*** Opening Exercise materials ***

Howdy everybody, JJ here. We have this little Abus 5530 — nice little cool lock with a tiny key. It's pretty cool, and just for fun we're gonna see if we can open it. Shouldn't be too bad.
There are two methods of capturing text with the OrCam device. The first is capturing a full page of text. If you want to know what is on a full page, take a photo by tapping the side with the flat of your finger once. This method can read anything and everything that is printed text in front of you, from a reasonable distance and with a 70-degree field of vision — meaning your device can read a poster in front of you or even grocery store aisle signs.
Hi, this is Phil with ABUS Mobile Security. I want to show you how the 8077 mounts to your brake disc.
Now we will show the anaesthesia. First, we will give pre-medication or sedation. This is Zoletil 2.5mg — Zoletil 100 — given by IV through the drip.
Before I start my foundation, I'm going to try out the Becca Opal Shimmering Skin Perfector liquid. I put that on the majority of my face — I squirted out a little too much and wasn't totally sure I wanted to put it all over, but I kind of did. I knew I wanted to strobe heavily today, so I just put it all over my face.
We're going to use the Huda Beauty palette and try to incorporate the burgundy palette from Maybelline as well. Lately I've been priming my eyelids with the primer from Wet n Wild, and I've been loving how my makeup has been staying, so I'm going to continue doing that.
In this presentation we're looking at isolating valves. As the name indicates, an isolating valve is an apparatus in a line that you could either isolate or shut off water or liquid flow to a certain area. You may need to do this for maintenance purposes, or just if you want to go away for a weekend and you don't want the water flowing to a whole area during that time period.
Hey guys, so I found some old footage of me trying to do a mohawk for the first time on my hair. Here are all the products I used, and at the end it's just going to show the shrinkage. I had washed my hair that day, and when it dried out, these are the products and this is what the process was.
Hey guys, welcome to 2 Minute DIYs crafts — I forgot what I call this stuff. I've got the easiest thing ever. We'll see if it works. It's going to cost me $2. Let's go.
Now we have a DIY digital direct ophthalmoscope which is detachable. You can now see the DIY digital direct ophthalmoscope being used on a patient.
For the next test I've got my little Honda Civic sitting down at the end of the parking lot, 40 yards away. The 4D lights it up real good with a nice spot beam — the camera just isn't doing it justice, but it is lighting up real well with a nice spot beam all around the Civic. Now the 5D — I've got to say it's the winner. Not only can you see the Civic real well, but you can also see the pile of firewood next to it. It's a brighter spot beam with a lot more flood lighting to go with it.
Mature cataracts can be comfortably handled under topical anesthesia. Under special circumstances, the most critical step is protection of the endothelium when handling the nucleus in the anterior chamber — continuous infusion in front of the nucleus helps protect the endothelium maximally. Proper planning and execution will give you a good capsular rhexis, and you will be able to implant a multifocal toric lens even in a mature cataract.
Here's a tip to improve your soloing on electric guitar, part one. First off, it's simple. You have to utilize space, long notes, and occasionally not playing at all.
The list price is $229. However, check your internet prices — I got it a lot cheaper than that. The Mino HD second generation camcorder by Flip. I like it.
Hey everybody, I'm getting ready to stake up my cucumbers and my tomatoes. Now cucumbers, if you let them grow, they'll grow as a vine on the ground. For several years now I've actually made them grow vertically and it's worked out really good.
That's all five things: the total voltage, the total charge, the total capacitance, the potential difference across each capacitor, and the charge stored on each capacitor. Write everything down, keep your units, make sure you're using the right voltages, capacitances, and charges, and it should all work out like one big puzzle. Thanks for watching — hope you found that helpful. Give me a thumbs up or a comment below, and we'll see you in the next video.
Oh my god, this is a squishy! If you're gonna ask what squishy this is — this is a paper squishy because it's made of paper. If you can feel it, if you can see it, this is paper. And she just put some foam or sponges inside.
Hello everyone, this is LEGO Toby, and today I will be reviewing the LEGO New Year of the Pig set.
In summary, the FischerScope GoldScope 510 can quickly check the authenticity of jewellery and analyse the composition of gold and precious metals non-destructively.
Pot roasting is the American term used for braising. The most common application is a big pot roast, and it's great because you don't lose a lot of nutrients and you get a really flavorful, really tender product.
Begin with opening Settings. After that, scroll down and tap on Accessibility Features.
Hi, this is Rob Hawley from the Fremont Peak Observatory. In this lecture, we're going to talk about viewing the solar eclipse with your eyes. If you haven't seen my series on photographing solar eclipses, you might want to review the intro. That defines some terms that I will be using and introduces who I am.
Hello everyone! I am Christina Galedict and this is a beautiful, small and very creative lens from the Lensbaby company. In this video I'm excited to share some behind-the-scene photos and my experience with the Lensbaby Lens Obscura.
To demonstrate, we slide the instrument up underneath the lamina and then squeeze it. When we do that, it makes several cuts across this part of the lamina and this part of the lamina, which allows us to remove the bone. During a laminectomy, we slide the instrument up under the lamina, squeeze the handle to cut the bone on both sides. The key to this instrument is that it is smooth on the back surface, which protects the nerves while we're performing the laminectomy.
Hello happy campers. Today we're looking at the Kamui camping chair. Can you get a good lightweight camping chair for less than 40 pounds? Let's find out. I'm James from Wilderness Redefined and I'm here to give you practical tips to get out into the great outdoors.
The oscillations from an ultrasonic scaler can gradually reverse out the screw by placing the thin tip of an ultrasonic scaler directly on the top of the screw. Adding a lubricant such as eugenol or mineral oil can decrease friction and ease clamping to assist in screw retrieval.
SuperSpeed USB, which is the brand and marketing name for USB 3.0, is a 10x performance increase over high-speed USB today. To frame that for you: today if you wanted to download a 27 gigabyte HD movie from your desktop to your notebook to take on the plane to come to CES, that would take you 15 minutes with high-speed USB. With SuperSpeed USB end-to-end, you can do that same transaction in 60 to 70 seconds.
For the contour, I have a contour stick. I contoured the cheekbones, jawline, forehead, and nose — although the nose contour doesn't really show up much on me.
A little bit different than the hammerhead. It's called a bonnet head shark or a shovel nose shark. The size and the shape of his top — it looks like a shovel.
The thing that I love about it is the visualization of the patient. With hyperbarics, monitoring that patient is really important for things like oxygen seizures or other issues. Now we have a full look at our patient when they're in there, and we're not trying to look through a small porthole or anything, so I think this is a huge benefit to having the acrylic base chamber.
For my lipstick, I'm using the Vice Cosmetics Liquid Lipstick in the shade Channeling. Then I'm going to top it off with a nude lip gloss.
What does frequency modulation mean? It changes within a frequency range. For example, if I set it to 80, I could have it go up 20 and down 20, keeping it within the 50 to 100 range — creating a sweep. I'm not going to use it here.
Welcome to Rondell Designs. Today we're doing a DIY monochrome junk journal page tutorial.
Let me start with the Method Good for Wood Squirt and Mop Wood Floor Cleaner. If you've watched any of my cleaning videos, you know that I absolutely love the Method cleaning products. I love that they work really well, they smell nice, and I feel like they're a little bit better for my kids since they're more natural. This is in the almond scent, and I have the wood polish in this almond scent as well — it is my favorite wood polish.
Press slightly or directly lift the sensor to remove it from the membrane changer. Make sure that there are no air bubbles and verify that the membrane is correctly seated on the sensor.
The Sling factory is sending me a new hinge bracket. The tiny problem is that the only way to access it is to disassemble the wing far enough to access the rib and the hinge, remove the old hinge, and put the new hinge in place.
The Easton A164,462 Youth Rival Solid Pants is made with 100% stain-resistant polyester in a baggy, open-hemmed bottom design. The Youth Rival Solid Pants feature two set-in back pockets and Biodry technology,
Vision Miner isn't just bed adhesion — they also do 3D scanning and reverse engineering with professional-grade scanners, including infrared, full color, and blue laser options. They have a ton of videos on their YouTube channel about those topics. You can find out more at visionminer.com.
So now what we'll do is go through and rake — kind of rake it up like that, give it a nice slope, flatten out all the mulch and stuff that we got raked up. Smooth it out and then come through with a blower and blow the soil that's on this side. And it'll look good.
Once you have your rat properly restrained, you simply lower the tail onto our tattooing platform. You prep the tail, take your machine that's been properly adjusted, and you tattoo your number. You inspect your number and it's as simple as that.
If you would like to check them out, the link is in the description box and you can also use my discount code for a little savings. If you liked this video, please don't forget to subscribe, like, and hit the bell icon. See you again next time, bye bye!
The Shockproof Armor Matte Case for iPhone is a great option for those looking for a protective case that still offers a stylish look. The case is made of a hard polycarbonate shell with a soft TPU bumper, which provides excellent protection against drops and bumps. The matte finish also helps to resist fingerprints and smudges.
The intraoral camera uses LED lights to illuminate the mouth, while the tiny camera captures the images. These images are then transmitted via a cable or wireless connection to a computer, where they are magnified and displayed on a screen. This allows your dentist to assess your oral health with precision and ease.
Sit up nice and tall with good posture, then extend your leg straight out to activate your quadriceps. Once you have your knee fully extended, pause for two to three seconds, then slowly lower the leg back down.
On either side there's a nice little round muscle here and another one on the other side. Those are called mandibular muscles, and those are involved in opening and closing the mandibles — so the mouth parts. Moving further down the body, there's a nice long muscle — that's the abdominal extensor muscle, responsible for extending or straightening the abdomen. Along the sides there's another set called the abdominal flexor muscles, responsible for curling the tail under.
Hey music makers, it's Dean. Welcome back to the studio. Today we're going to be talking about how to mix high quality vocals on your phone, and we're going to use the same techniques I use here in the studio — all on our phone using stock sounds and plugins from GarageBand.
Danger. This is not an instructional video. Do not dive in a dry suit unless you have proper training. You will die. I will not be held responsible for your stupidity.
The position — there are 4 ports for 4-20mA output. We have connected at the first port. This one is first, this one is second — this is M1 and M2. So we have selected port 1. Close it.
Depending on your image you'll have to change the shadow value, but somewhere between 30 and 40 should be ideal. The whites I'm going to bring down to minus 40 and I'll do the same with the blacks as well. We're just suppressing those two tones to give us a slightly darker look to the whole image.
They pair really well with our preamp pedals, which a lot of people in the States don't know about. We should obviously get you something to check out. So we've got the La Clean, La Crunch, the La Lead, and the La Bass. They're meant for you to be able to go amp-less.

*** Closing Exercise materials ***

* [What the task requires]
Find the lines that mention "because" in the entries and show them.

* [Solution to the problem]
Oh my god, this is a squishy! If you're gonna ask what squishy this is — this is a paper squishy because it's made of paper. If you can feel it, if you can see it, this is paper. And she just put some foam or sponges inside.
Pot roasting is the American term used for braising. The most common application is a big pot roast, and it's great because you don't lose a lot of nutrients and you get a really flavorful, really tender product.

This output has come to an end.